Es beginnt wie ein film noir. Eine Frau mit angsterfülltem Gesicht rennt nachts auf einer Straße und versucht, irgendein Auto anzuhalten, zunächst vergeblich. Sie ist barfuß und hat einen hellen Regenmantel an. In ihrer Verzweiflung stoppt sie einen Sportwagen, der ihr ausweichen muss und fast einen Unfall verursacht. In dem Wagen sitzt Privatdetektiv Mike Hammer (Ralph Meeker), der über den erzwungenen Halt wenig erfreut ist. Aber er nimmt die junge Frau, die sich Christina Bailey (Cloris Leachman) nennt, mit. Er erfährt, dass Christina aus der Psychiatrie geflohen ist. Nur wenig später werden beide von einigen Männern gestoppt und mit Gewalt verschleppt. Und wiederum kurze Zeit später findet sich Hammer im Krankenhaus wieder. Man hat die beiden in seinem Auto einen Abhang hinunter gefahren. Während Hammer schwer verletzt überlebt, ist Christina tot.

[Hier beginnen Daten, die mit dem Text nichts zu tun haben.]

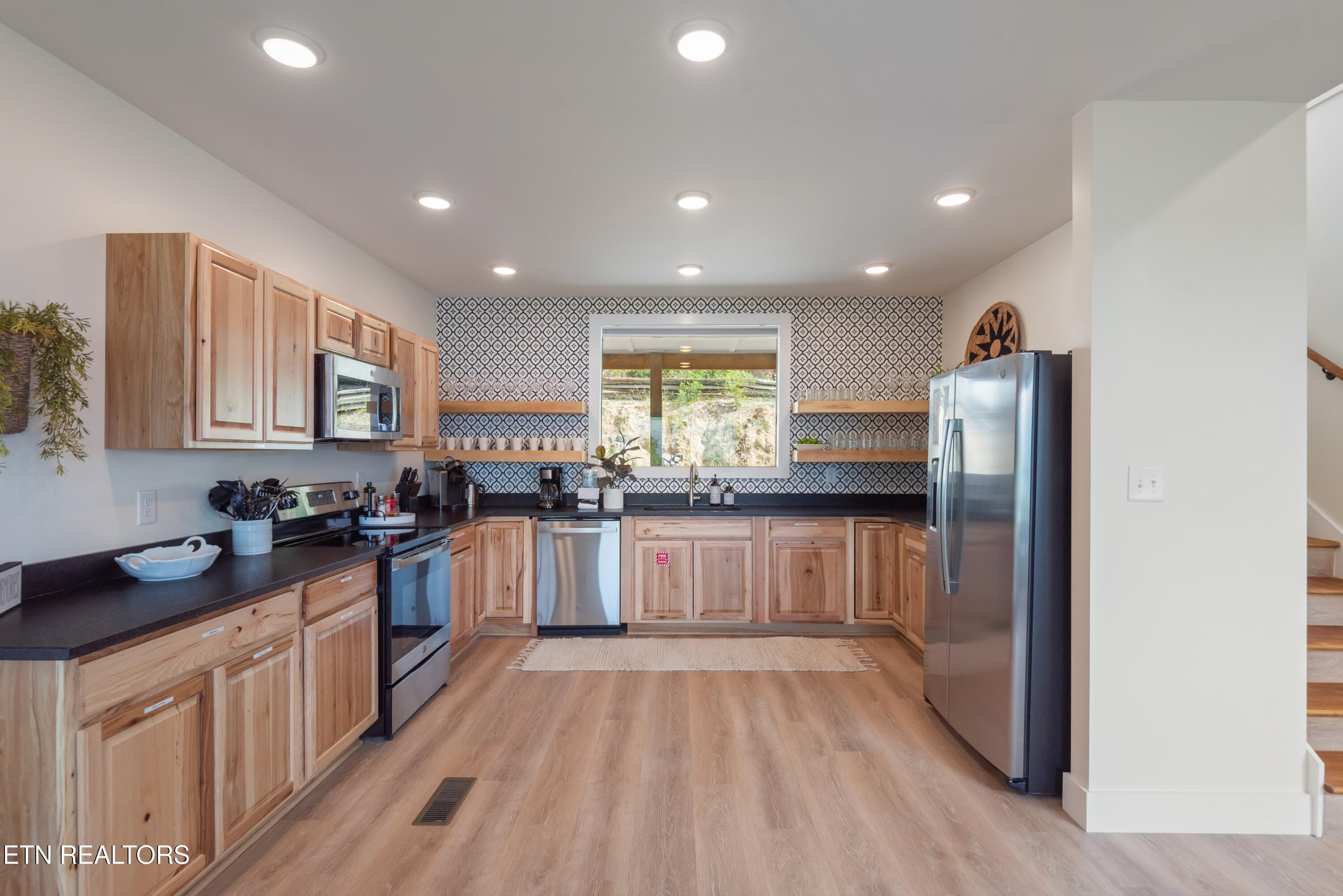 875 Shell Mountain Road-24 - 875 Shell Mountain Rd, Sevierville, TN 37876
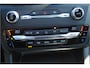 Ford Explorer 3.0 V6 EcoBoost PHEV ST-Line 457pk 7-ZITS PANO.DAK |  LEDER | CAMERA 360 | STOEL VERW/KOELING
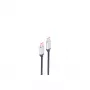 Cabo DisplayPort ShiverPeaks SP03-20155 1,5 m azul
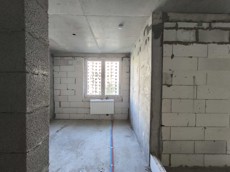 ГП16967314.Квартира.Каждое помещение_комната, входящее в состав реализуемого объекта _6.jpg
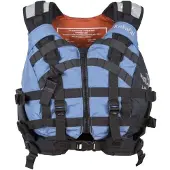 Kokatat Gilet De Sauvetage Poseidon Pfd
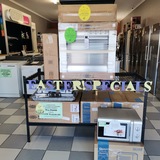 IMG_20210330_145748_1617114312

Die besten Voraussetzungen für einen Kriminalfilm. Und so geht es auch weiter. Was folgt ist tatsächlich ein film noir. Doch Robert Aldrich macht in der Darstellung seiner Figuren auch von (fast) Anfang an klar, dass er über den film noir weit hinausgeht. Manches Mal erscheinen die Darsteller eher wie Charaktermasken, die nur noch repräsentieren, für etwas stehen, etwas zum Ausdruck bringen, aber keine wirklichen und wirkenden Personen mehr zu sein scheinen. Die Rollen werden zu Rollen per se, für sich, Rollen als Rollen.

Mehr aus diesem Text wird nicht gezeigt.